An analysis of the balance sheet items helps to answer some major managerial questions such as: How can the firm increase its net assets and owners’ equity? What may cause decrease in net assets and owners’ equity? What happens to net assets and owners’ equity if assets or liabilities or both increase of decrease? Such an analysis will provide a critical insight into the meaning of various balance sheet items. It can help to understand the cause of changes occurring from one period to another in balance sheet. As stated, balance sheet does not reflect changes in financial position; it contains information at a specific date. Thus, this statement (balance sheet) is static in nature. Another statement, the statement of changes in financial position, may be prepared to reflect the changes in assets and liabilities.

The balance sheet reflects the financial position of the firm. Like any other statement, the balance sheet should contain a heading. The heading includes the name of the firm, the type of statement and the date to which the statement applies. The balance sheet must carry a specific date, such 31st December, 2011. The assets, liabilities and owners’ equity are relevant only for the date specified. The balance sheet can be presented in the account form or the report form. The balance sheet has two sides. The right-hand side lists the various assets of the company and the left-hand side shows the means by which assets have been financed; that is , liabilities and owners’ equity. Left-hand side gives the details of the sources of borrowed funds and owners’ original investment plus reserves and surplus. It should be noted that the totals of two sides are equal. This necessarily follows from the accounting equation, TA = TL + OE and does not indicate anything about the firm’s financial strength. The use of the term balance sheet does not convey anything very special, as the two sides must always balance.
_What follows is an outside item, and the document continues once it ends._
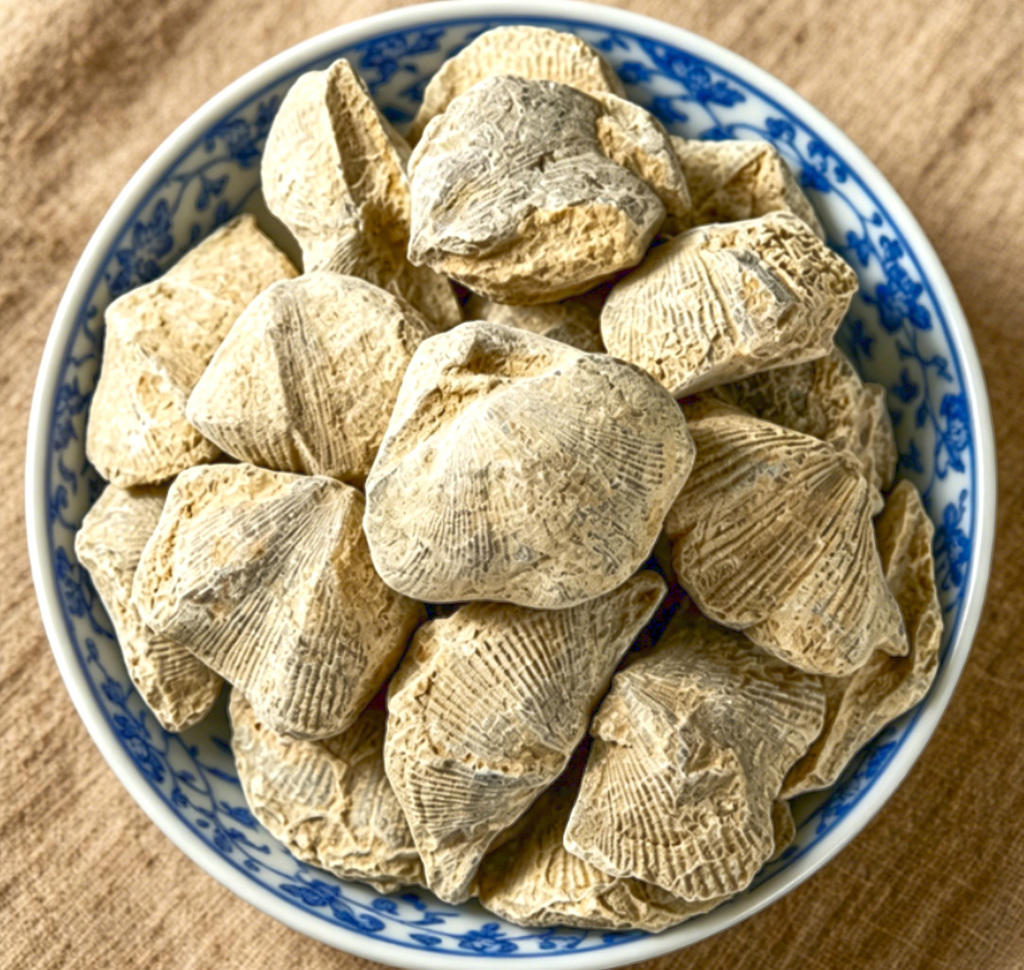 Shi Yan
In the report form, a step-wise balance sheet is prepared, listing assets at the top and then listing liabilities and owners’ equity.

The report-form balance sheet reveals the concept of net current asset. In practice, companies show their summarized balance sheets in the report-form. They divide balance sheet into two parts: (1) sources of funds, and (2) application of funds. Sources of funds include shareholders’ funds (net worth) and borrowing divided as secured and unsecured. Application of funds include net fixed assets (net block plus other non current assets) and net current assets (difference between current assets and current liabilities).
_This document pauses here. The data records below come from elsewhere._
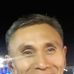Sammy Quesada - Facebook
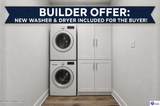 702 1/2 Monin Rd - Photo 9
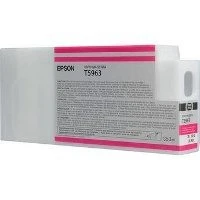 EPSON Tintenpatrone vivid magenta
## Balance Sheet Functions

The three important functions served by the balance sheet are:

1. It gives a concise summary of the firm’s resources (assets) and obligations (liabilities and owners’ equity).
2. It is a measure of the firm’s liquidity.
3. It is a measure of the firm’s solvency.
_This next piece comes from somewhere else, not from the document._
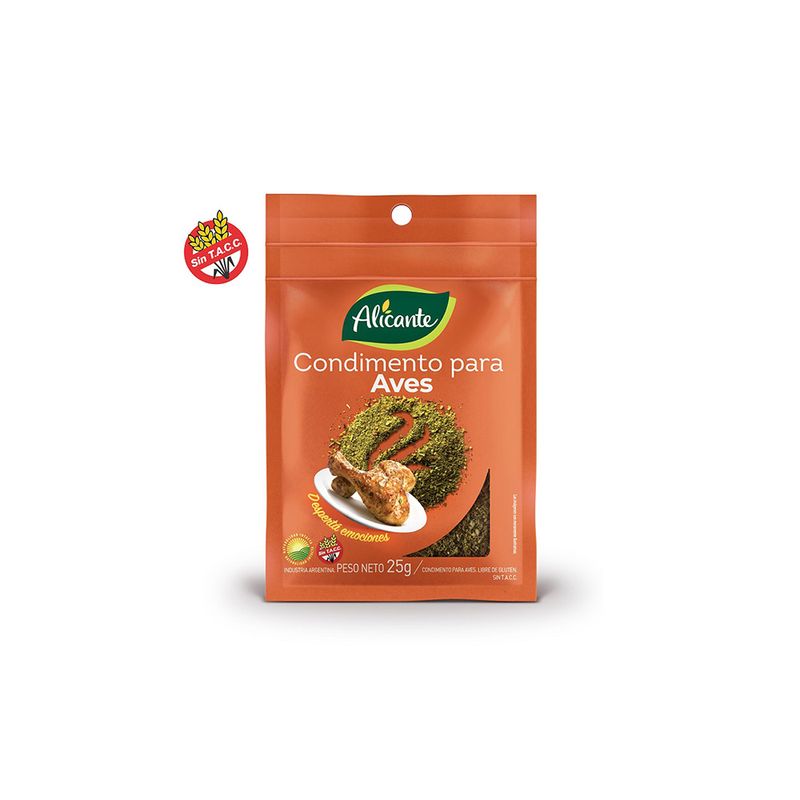 Condimento-Alicante-Aves-X25gr-1-879043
Stewardship Role — In the definition of accounting we noted that it has a custodial, or stewardship role to play. The balance sheet fulfills this function. It reports to owners and others the state of the firm’s affairs — assets owned by the firm and the claims against them.

Liquidity — The balance sheet also contains information about the firm’s liquidity position. Liquidity refers to the firm’s ability to pay debts as they mature. The net current assets is the measure of the firm’s liquidity. This information is directly given in the report-form balance sheet and can be computed in the account-form balance sheet. The liquidity position of the firm is of particular interest to creditors. The greater will be their risk if the liquidity position of the firm is weak.

Solvency — The balance sheet also indicates the solvency of the firm. Solvency refers to the firm’s ability to meet eventually all of its long-and short-term debts. A high proportion of debt can endanger the firm’s solvency. If functions of the balance sheet are examined in terms of the basic accounting functions, then the balance sheet,

1. Accumulated information in conformity with the basic accounting equation TA = TL + OE;
2. Measures assets and liabilities in monetary units and in accordance with cost principles;
3. Communicate information about assets (resources), liabilities (outside claims) and owners’ equity (residual claim of owners) to owners, creditors and others.